Abgeordle is a sleek and straightforward quiz designed to help you learn about the members of the German Bundestag and their party affiliations. For the project I used the awesome abgeordnetenwatch.de API and incorporated additional data scraped from the Bundestag website, all combined into a user-friendly web app.
Go try it now 🙂 https://abgeordle.jakobpara.com/
Technologies & Languages: WebBot (Selenium), Webscraping (BeautifulSoup4), Web Development, API handling, Python, HTML/CSS, JS
Interesting:
You can find the Bundestag members of this election period under: https://www.bundestag.de/abgeordnete. Unfortunately, scraping the portrait images is not trivial. The gallery view only shows 12 MPs at a time and you would have to dynamically load the individual gallery pages one by one in order to scrape the images. Fortunately, there is also a list view. BeautifulSoup4 just didn’t help me, because this list view is also loaded dynamically and is not already available in the initial DOM. For this reason, I use Selenium to write a simple bot that opens the page like a human user and thus clears the way to the object of my desire: the HTML code with the links to the individual politician profiles.

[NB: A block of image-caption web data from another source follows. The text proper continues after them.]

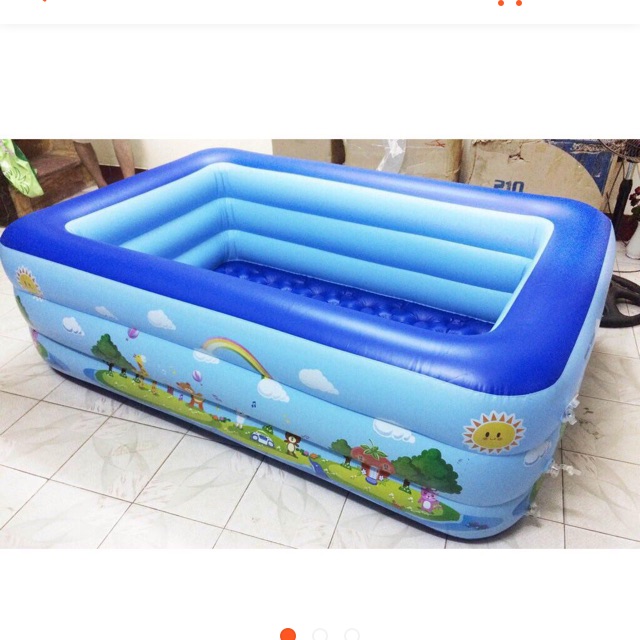 Bể bơi chữ nhật 3 tầng 1m8 tặng bơm như hình
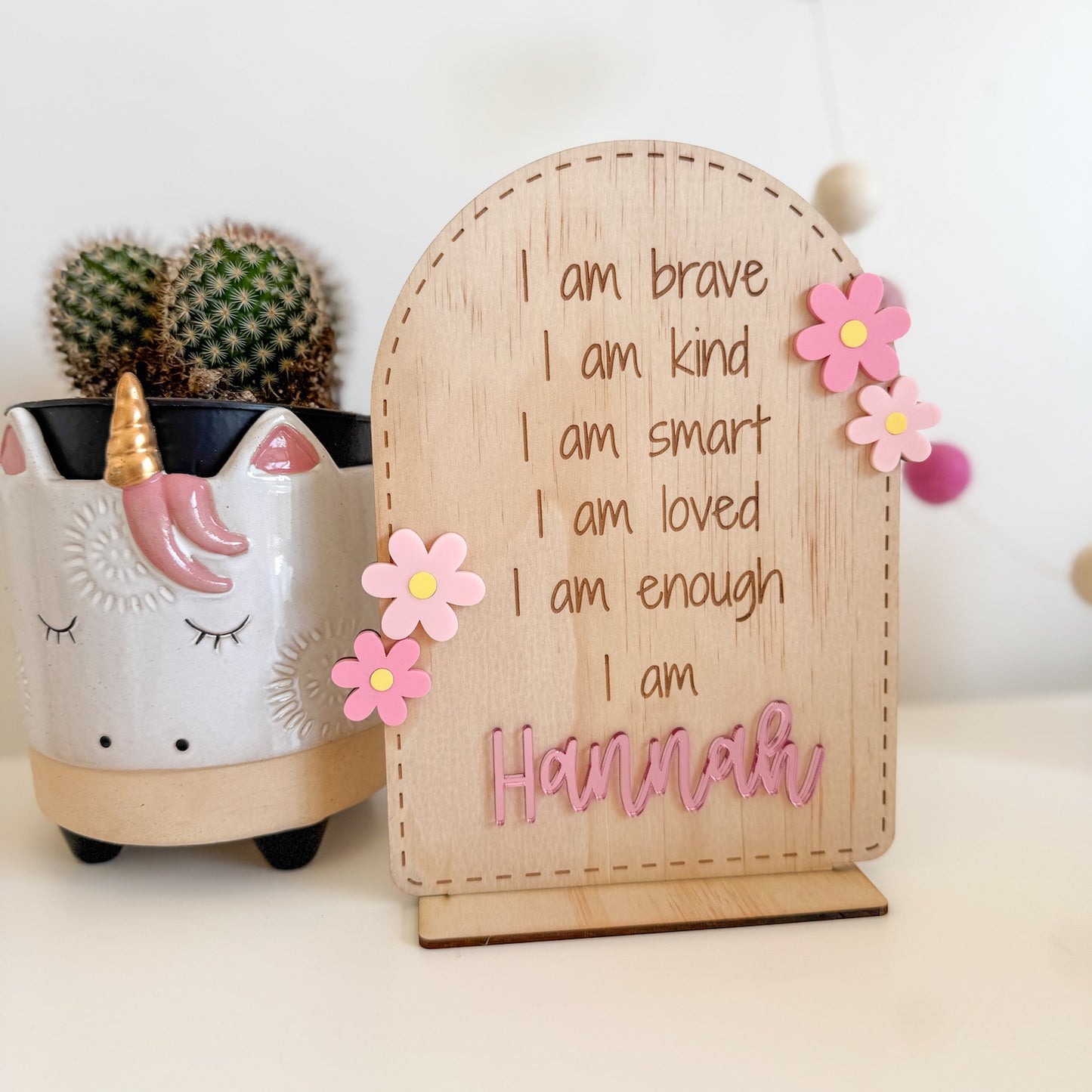 Personalised Affirmation Plaque - Flowers-Bandicute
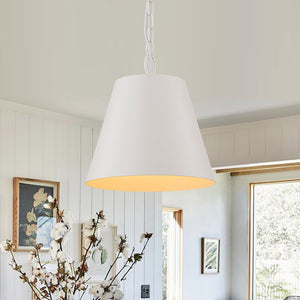 Farmhouze Light - 1 - Light Danish Simple Metal White Pendant Light - Pendant - Bell Shade - 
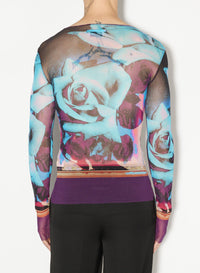 Unisex long-sleeved tulle top - Purple & Blue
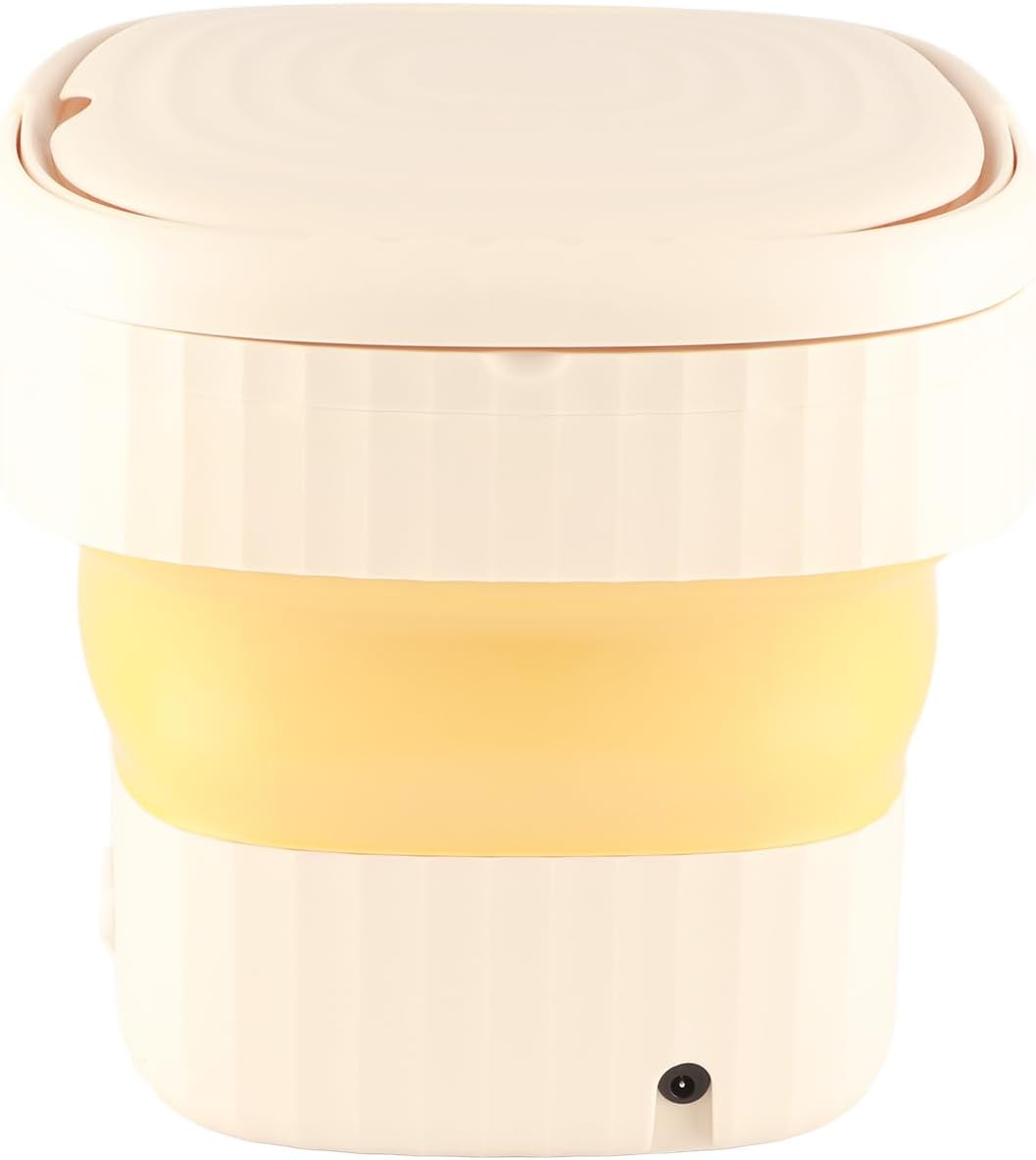 Portable Washing Machine, 6L Mini Laundry Washer for Sock Towel Rag, Foldable Washing Machine for RV Outdoor Camping Travel(Yellow)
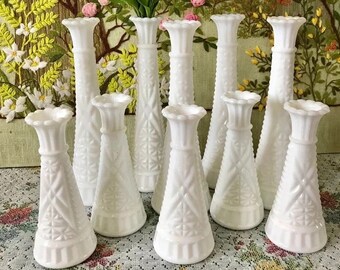 10 Milk Glass Vase for Flowers Vases Decor Vases Wedding Vases Centerpiece Vase Decor Vase Milk Glass Bud Vase White Vase Bridal Shower Vase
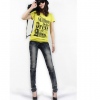 Amanda49 Simple and Slim Snow Style Mix Match Black Elastic Feet Jeans For Women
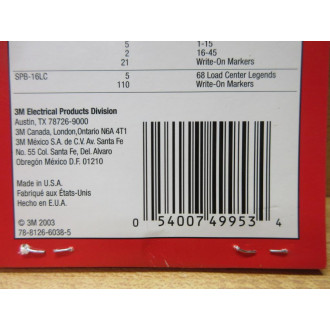 3M SPB-03 ScotchCode Preprinted Wire Marker Book (Pack of 2) - New No Box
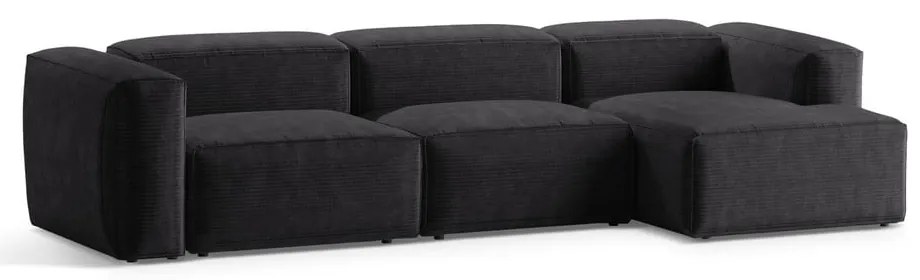 Divano angolare grigio scuro (con penisola a destra/con chaise lounge) con rivestimento in velluto a coste Bergamo – Cosmopolitan Design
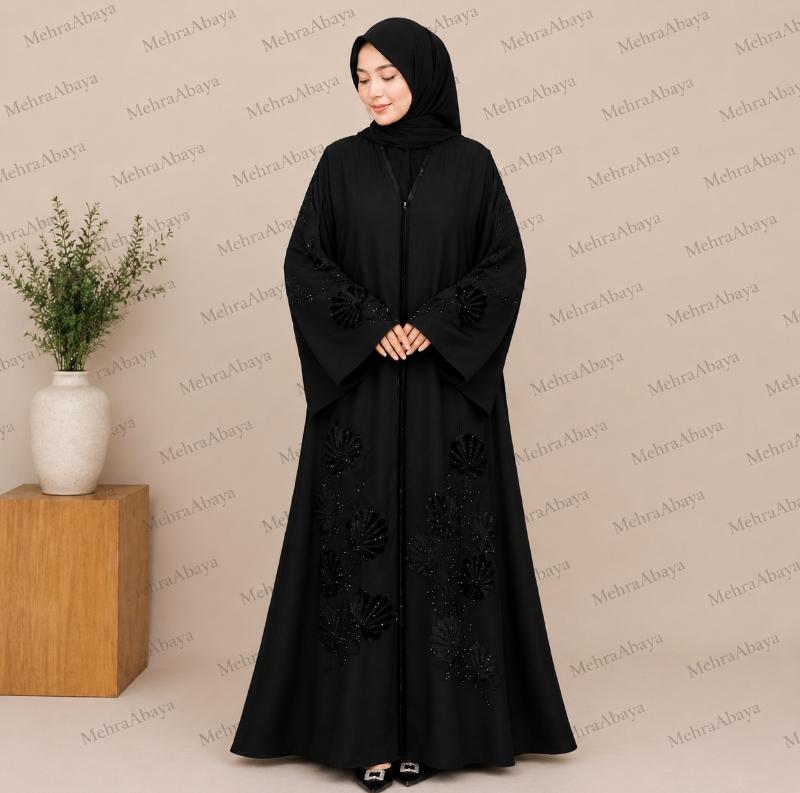 Velver Flower Printed Abaya 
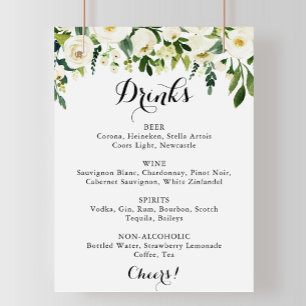 Poster Panneau de menu de boissons de mariage floral blan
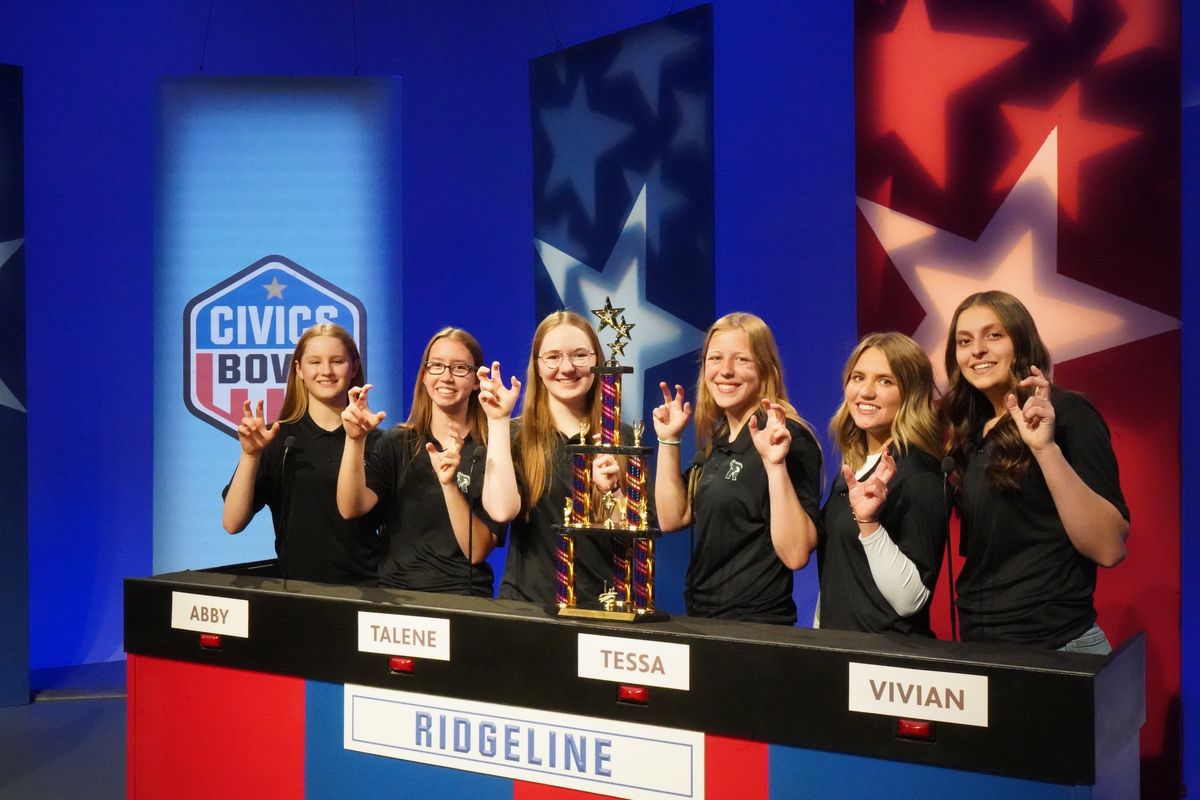The Ridgeline High School team, consisting of Mary Moore (ninth grade, alternate), Abby Clevenger (11th grade), Talene Rivera (12th grade, captain), Tessa Currin (12th grade), Vivian Van Buren (12th grade) and Kate Taylor (12th grade, alternate), won the Civics Bowl on Monday.  (Courtesy of KSPS)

I had to take this laborious route in the first place because the URLs to the individual MP websites contain not just the name but also an ID, which I couldn’t find in any directory.
E.g. https://www.bundestag.de/abgeordnete/biografien/A/abel_valentin-860100
The data I from abgeordnetenwatch did include a value “external_id” which unfortunately didn’t match the Bundestag member id.
The actual scraping of the portraits was easy so far. However, I had to send over 756 requests to the Bundestag servers. Apparently they don’t think that’s so cool when it happens in a short time (ok, I get that :D). After first experimenting with alternating proxies, I finally decided to just add an error-handling function that triggered a cool-down period as soon as the servers rejected my request.
Since I had already spent a lot of time merging various JSON files and didn’t want to store even more data locally, I decided to query the individual politician data from abordnetenwatch in real time. This also allows me to always have the current status of the data.